Testing a hunch: does my main trading system's architecture actually slow down arbitrage execution?
OpenClaw (Clawmpson) runs 5 strategies, LLM analysis, a graduation engine, and a bunch of other stuff on a 30-minute cycle. That's great for complex trades, but for cross-outcome arb where mispricing windows close in minutes — all that machinery might be costing me alpha.
RivalClaw is the middle child in a three-way experiment:
| System | What it is | Cycle | Question it answers |
|---|---|---|---|
| ArbClaw | 4 files, zero overhead | 5 min | What's the speed ceiling? |
| RivalClaw | Same architecture as Clawmpson, arb only | 5 min | Does the framework itself add lag? |
| Clawmpson | Full system, 5 strategies | 30 min | Does strategy contention matter? |
RivalClaw keeps Clawmpson's exact control flow but strips everything that isn't arb:
fetch markets → analyze (arb only) → paper trade → check stops → maybe graduate
Same architecture shape. Same execution simulation (slippage, latency penalty, partial fills). Same graduation gates. Just fewer strategies competing for attention.
Identical to ArbClaw — same fee computation, same Kelly formula, same thresholds:
- Fee: 2% of min(price, 1-price) per leg
- Min edge: 0.5% after fees
- Kelly cap: 10% of balance
This is the "architectural weight" being measured:
- Execution simulation (50bps slippage, 0.2% latency penalty, 80-100% fill rate)
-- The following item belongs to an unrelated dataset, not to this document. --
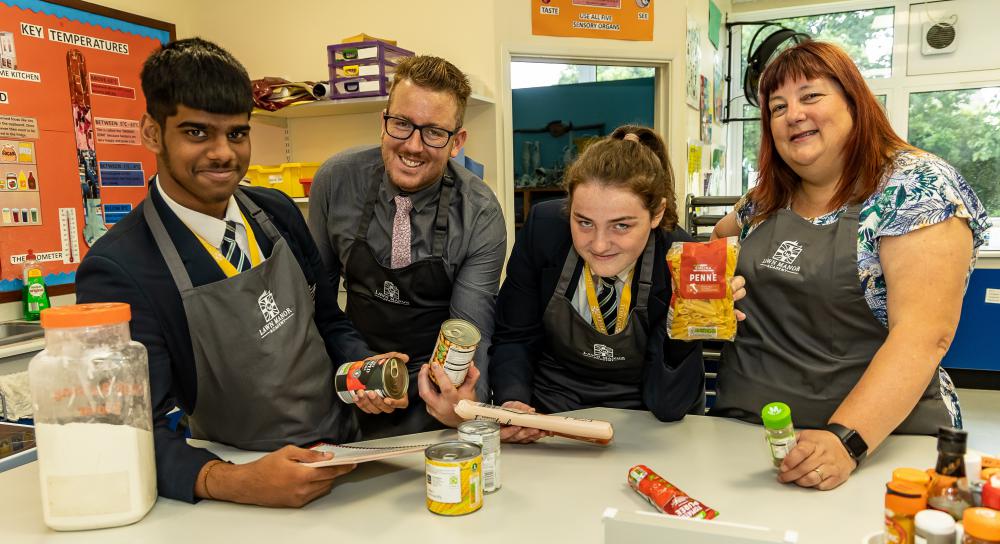 Lawn Manor Academy students Ruben (left) and Paris with Marek Koza and Sarah Smith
- Full daily PnL accounting with ROI, Sharpe, max drawdown
- Graduation gates (7-day window, same thresholds as Clawmpson)
- Mark-to-market balance derivation
- Integrity guards (stale timestamps, impossible prices, sum sanity checks)
- Per-cycle timing instrumentation
signal_to_trade_latency_ms — how fast does each system go from seeing an opportunity to placing a trade? That's the whole point.
Python, SQLite, Polymarket Gamma API. ~880 lines across 6 files.
Paper trading experiment running March 24 – April 7, 2026. Part of the OpenClaw ecosystem.